The Court rejected this argument citing the principle of contract construction that specific provisions of a contract control over more general ones even though Sections 7.9(a) and 7.10(b) did not contradict each other. Further, the Court stated that to the extent that there was any ambiguity regarding the presumption that should apply, Delaware law teaches that because of the nature of alternative entities (including limited partnerships) and their broad contractual freedoms, coupled with Morris’s limited bargaining power, as a limited partner, and the fact that Morris’s only protections flowed from the text of the Partnership Agreement, ambiguities should be resolved in favor of Morris.
The Court then held that Morris’s complaint gave rise to a pleading stage inference of subjective bad faith. The allegation that the Transaction was approved in the face of a half-a-billion dollar (and one-third) gulf in value created a reasonable inference that the General Partner’s approval of the Transaction was in bad faith.

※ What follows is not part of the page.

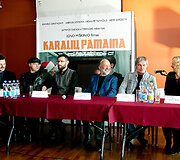 Filmo "Karalių pamaina" spaudos konferencija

The court then dismissed Morris’s claim that the General Partner breached the implied contractual covenant of good faith and fair dealing. The covenant exists in every contract, cannot be disclaimed, and applies as a gap-filler for situations that parties had not considered or expressly addressed in the contract. The Court held that because the Transaction was subject to review under the rebuttable presumption of good faith, there was no gap to fill in the Partnership Agreement and, thus, no claim upon which relief could be granted.

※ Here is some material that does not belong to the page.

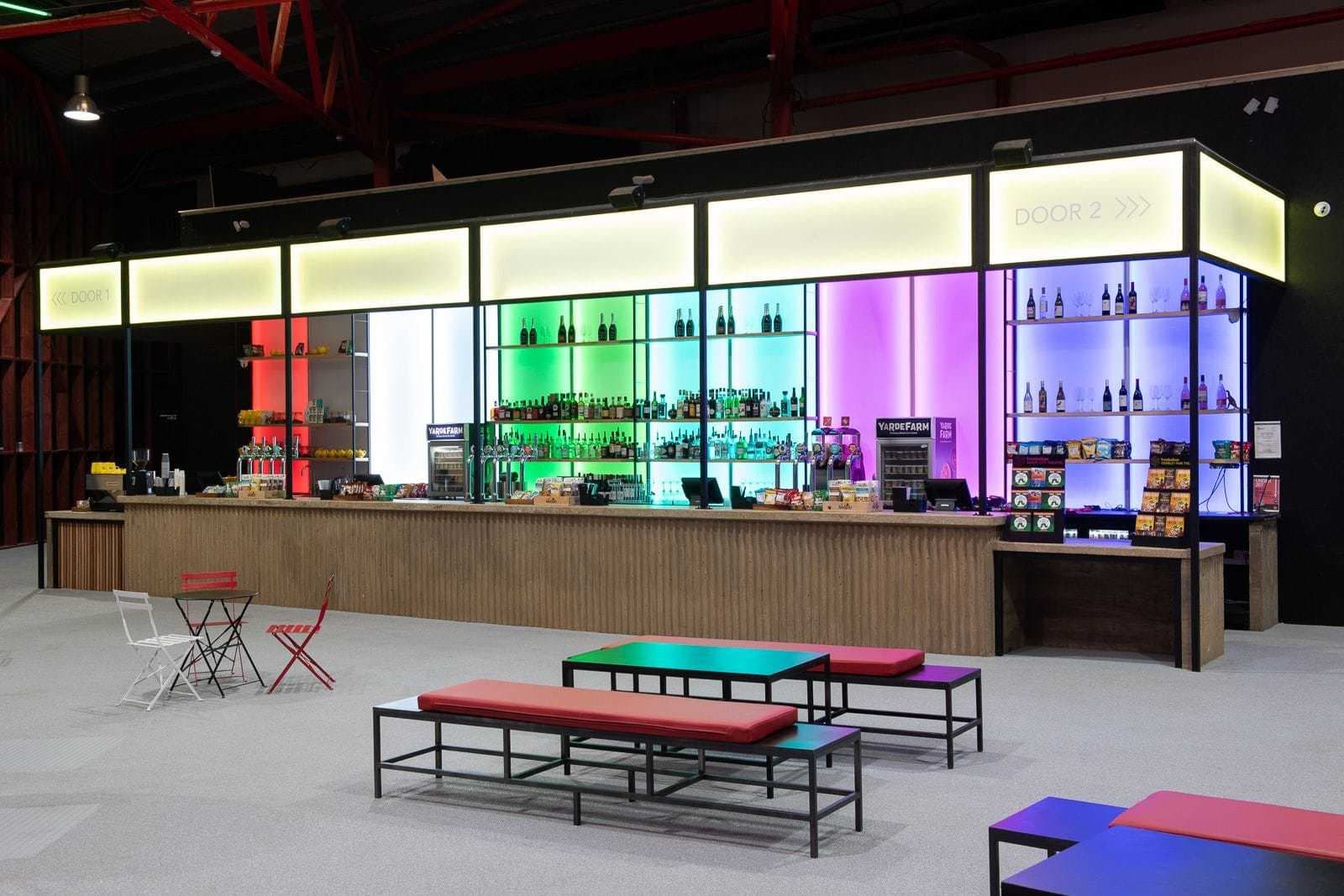 Foyer Space, Studio Five Restaurant, Wembley Park Theatre photo #12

Lastly, the Court dismissed Morris’s tortious interference claim. Morris alleged that SE Corp tortiously interfered with the Partnership Agreement by, among other things, structuring the Transaction, which it knew was not in the best interests of the Partnership and, therefore, would cause the General Partner to breach its good faith obligation under the Partnership Agreement. The Court, however, rejected this claim. According to the Court, SE Corp’s offer to purchase the Interest did not, in and of itself, imply an intention to cause a breach of the Partnership Agreement nor was it a significant cause of the breach. The Court held that Morris failed to allege that SE Corp intruded on the Conflicts Committee or the General Partner in a way that caused or facilitated bad-faith capitulation to SE Corp’s offer to purchase the Interest.